El perro, según me pareció, un mastín atigrado, a diferencia de los habituales carteros que, mes a mes, abandonan en el zaguán contiguo las revistas que aguardo con ansiedad, sabía lo que estaba haciendo. Después de entregar el sobre me miró con determinación y, ahora creo, con esperanza. Corrió hasta la puerta, se paró en las patas traseras, apoyó las manos en el picaporte, trató de abrir. No lo consiguió. Supongo que se produjo entonces un conflicto entre su inteligencia, extraordinaria para un animal, y los reflejos propios de la especie. Vencieron los reflejos, el perro aulló. Los aullidos guiaron los precipitados pasos de un pelafustán de cejas muy pobladas que trabaja en la escuela de perros de la calle Estomba. Cuando el perro lo vio, intentó velozmente el contraataque y la fuga. Lo redujeron sin dificultad.

– Se había escapado -aclaró el hombre con una sonrisa que lo volvía humano.

El pelafustán no me reclamó los papeles.

Nada más desolado que los ojos de un perro triste. En los del pobre animal que se

debatía, casi asfixiado, había desolación, pero también reproche. El reproche, ojalá que me equivoque, venía dirigido a mí.

Entré en casa y examiné el cartapacio. Trae la firma del mismo Lucio Bordenave que me habría enviado, días atrás, por intermedio de una señorita, una carta desaforada y confusa. Después de recurrir a un perro ¿de qué se valdrá mi corresponsal para llamar la atención?

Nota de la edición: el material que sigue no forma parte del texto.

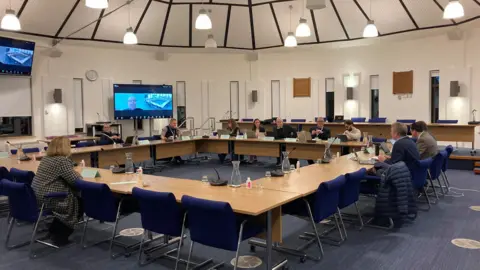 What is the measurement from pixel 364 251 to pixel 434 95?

Por motivos aparentemente contradictorios, desconfío de la autenticidad del documento. Ante todo, me parece raro que Bordenave se dirija a mí; al fin y al cabo estamos distanciados. También me parece raro que Bordenave me trate de usted; al fin y al cabo nos conocemos desde la infancia. Lo cierto es que después de la lectura sentí la contrariedad de quien recibe un anónimo. O peor aún: de quien recibe la carta de un impostor.

Busqué en la guía el número de teléfono del Instituto Frenopático de la calle Baigorria, llamé, pedí por la señorita Paula.